TASK DETAILS:
Reproduce every record below exactly as written, leaving out any pictures.
** DATA SUPPLIED follows **
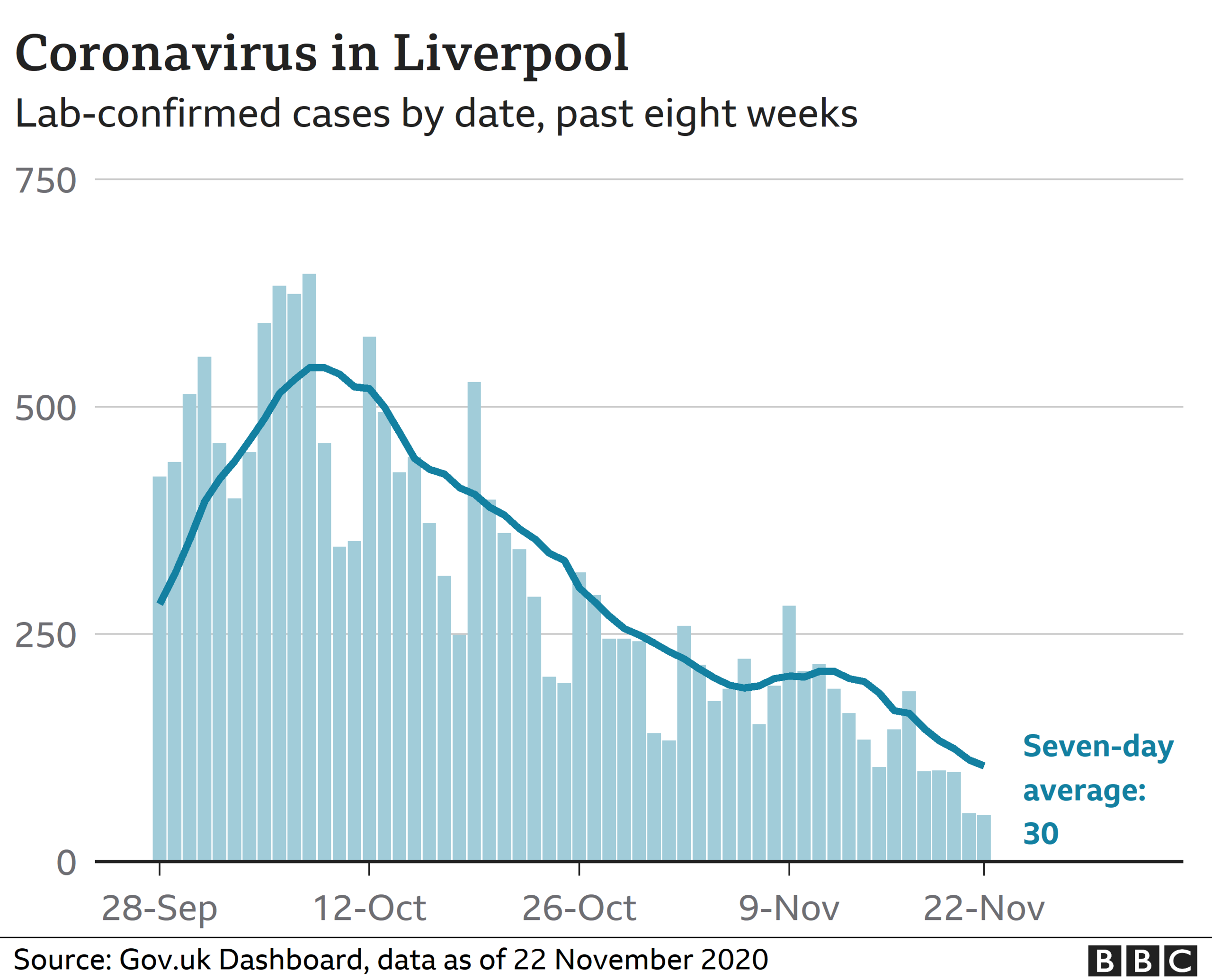 Coronavirus in Liverpool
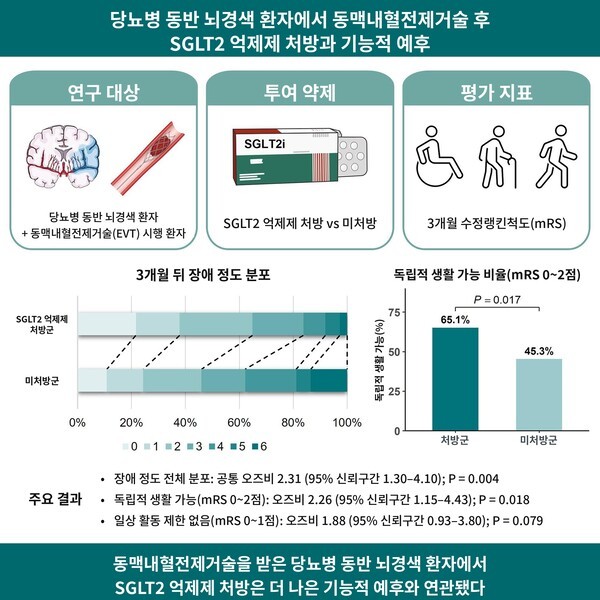 Photo: 헬스미디어뉴스 SGLT2 Inhibitors Linked to Better Recovery in Diabetic Stroke Patients After Thrombectomy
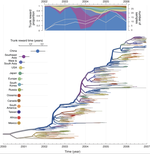 Unifying viral genetics and human transportation data to predict the global transmission dynamics of human influenza H3N2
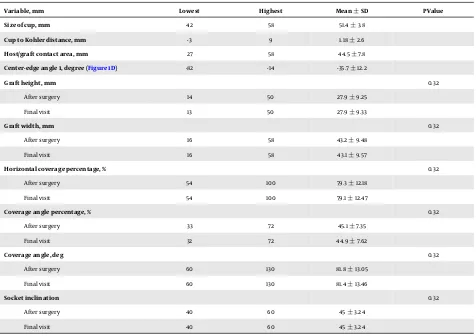 Table 2. Graft Characteristics and Comparison of Changes in Other Radiographic Variables of the Patients Immediately A fter Surgery with the Last Visit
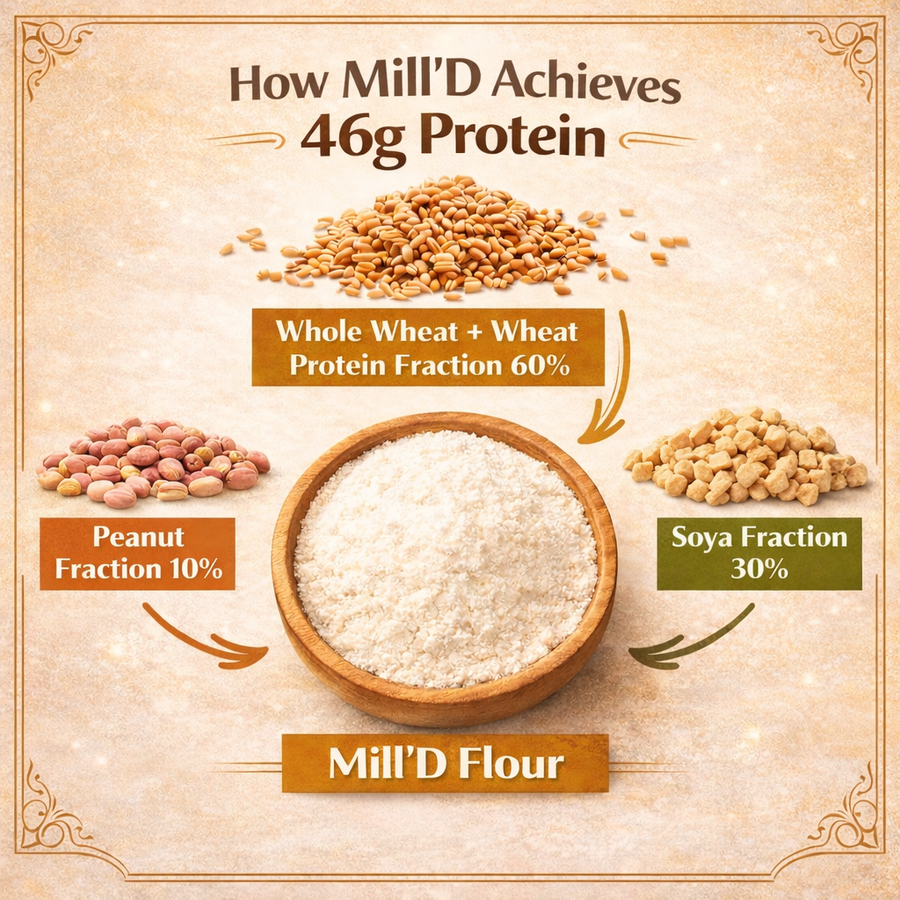 Mill'D 460 Grams Protein in 1kg Atta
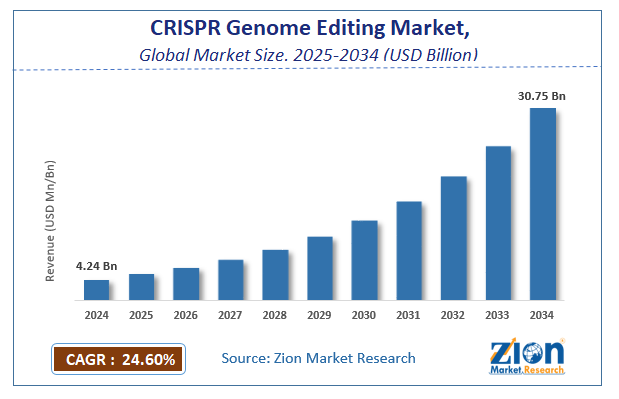 Global CRISPR Genome Editing Market Size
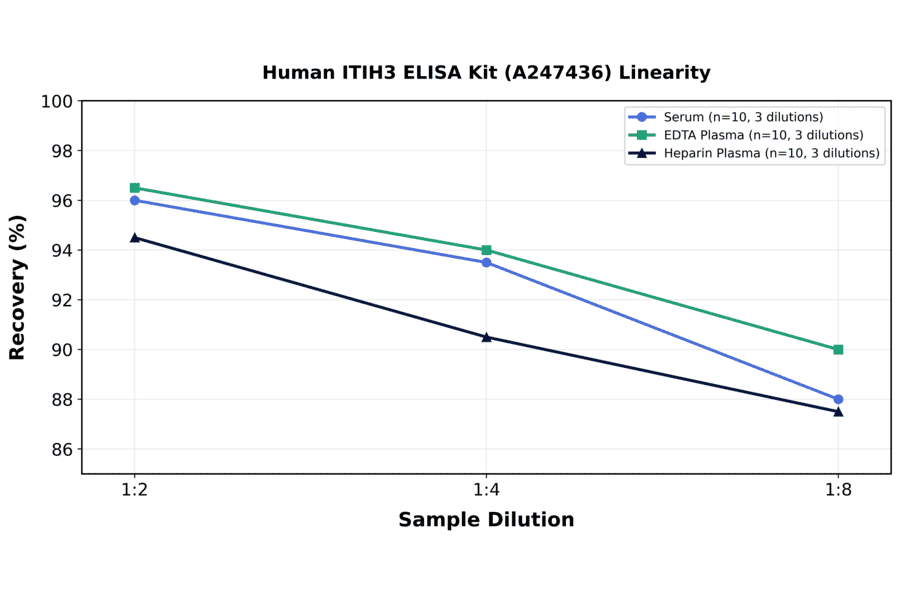 Linearity - Human ITIH3 ELISA Kit (A247436) - Antibodies.com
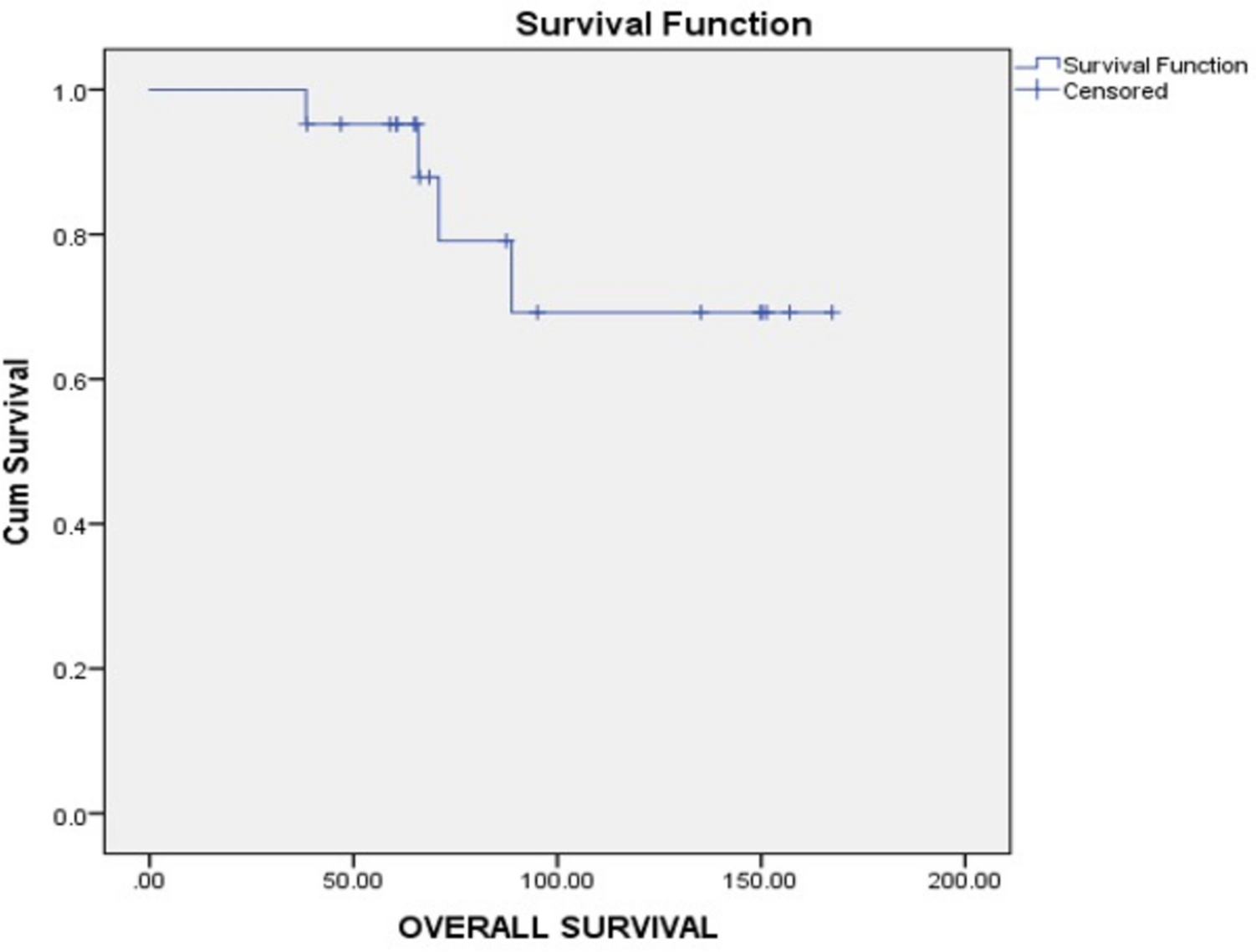 The Ovarian Adult Granulosa Cell Tumors: A Retrospective Clinicopathological and Survival Outcome Analysis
** End of DATA SUPPLIED **
ANSWER:
 Coronavirus in Liverpool
 Photo: 헬스미디어뉴스 SGLT2 Inhibitors Linked to Better Recovery in Diabetic Stroke Patients After Thrombectomy
 Unifying viral genetics and human transportation data to predict the global transmission dynamics of human influenza H3N2
 Table 2. Graft Characteristics and Comparison of Changes in Other Radiographic Variables of the Patients Immediately A fter Surgery with the Last Visit
 Mill'D 460 Grams Protein in 1kg Atta
 Global CRISPR Genome Editing Market Size
 Linearity - Human ITIH3 ELISA Kit (A247436) - Antibodies.com
 The Ovarian Adult Granulosa Cell Tumors: A Retrospective Clinicopathological and Survival Outcome Analysis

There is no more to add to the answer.